One answer was the ball resolver, see below. Essentially it is an infinitely variable gear. (This is actually from an early 20th century computer in the Science Museum for predicting tides but the same mechanism in somewhat miniaturised form featured in many navigation computers.)
An electric motor turns the disc at a speed that represents airspeed. The disc turns the brass ball and the ball turns the roller. If the ball is positioned at the outside of the disc the roller will turn quickly, if the ball is moved towards the middle of the disc it will turn the roller progressively slower.
The system has another motor, this driven when the aircraft heading changes. This motor moves the ball from side to side. When the plane is flying due north the ball is positioned at the outside of the disc. The roller is turning at it’s highest possible speed for the speed of the disc. If the aircraft turns to the right and flies more east, as in the diagram below, the system will move the roller towards the centre of the disc. Even with the airspeed the same the velocity north will reduce.
With the two revolvers we can convert the polar parameter airspeed and heading to the cartesian velocity north and velocity east. And velocity north goes negative when the aircraft is flying south and velocity east goes negative it is going west. (and, BTW those same resolvers can work the trick backwards and convert Cartesian back to Polar.)
With the velocities it’s pretty easy to calculate distance travelled. Those mechanical counters on bikes and speedometers integrate speed and get distance. It’s just a matter of gearing. If we’ve decided that 60 miles an hour is represented by 60 revolutions per minute we just have to arrange the gearing so that one mile will pop up after 60 revolutions of the velocity rollers.
We can even turn distance in miles into degrees of Latitude and Longitude. 60 nautical mile is one degree of Latitude, but Longitude is a little more tricky. Those pesky lines of Longitude get closer together as we move away from the equator so a third disc resolver needs to be added to correct the velocity East/Longitude, for changes in Latitude.
Of course, these calculations assume no wind conditions, unlikely. But supposing we have a system that can measure groundspeed and drift. Moving on a few years from the Norden bombsight etc (which needed ground observation to get drift) we had aircraft like the Vulcan with downwards looking doppler radar that could directly measure groundspeed and drift. So, instead of feeding the computer airspeed we feed it groundspeed derived from radar, Green Satin.
Green Satin also supplies the drift angle, the effect of wind on the aircrafts track across the ground. In order to complete our analogue computer we have to find a means of adding two angles together, the original heading angle and the drift angle. For such an apparently simple problem the mechanical analogue computer uses a differential. Two input values, one for heading angle, one for drift angle are (algabraically) added to produce track.
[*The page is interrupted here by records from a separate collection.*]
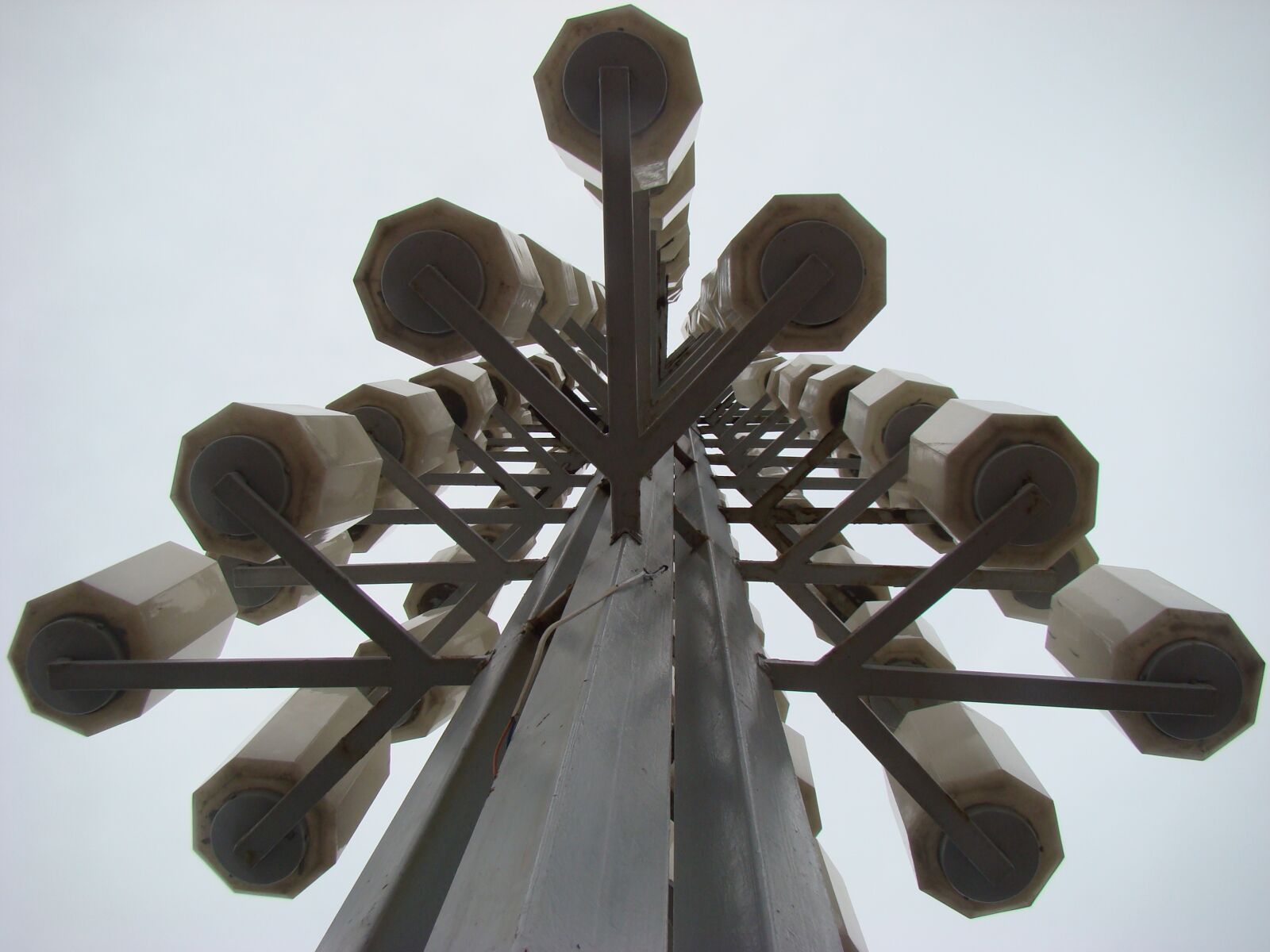 Sony DSC-H9 sample photo. Street lights, outdoor, documentary photography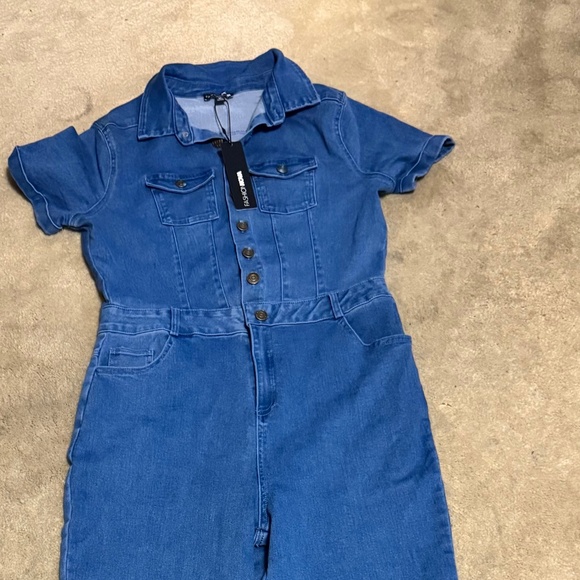 NEW Medium Wash Stretch Denim Jumpsuit - Picture 1 of 8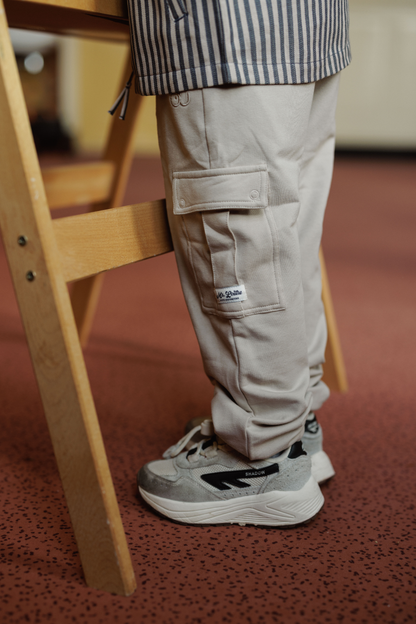 Melle | Tapered cargo trouser | Dove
Track is the angle of the aircrafts path over the ground.
All the above techniques are only a sample of what was done with electromechanical analogue computers. The mechanical systems have their shortcomings and there are numerous other analogue techniques, many of them purely electronic. Vacuum tubes amplifiers were used, and as soon as they became available, transistors. And I’ve not even mentioned a now totally obsolete lost world ‘solid state’ technology called magnetic amplifiers.
Now the analogue computer has had its day, although it arguably reached it technical best, (with integrated circuit operational amplifiers) just as it was being made obsolete by the digital computer. As Robert Heinlein observed, that tends to be the case, by the time a technique is finally perfected, it’s generally obsolete. And so it is with the analogue computer.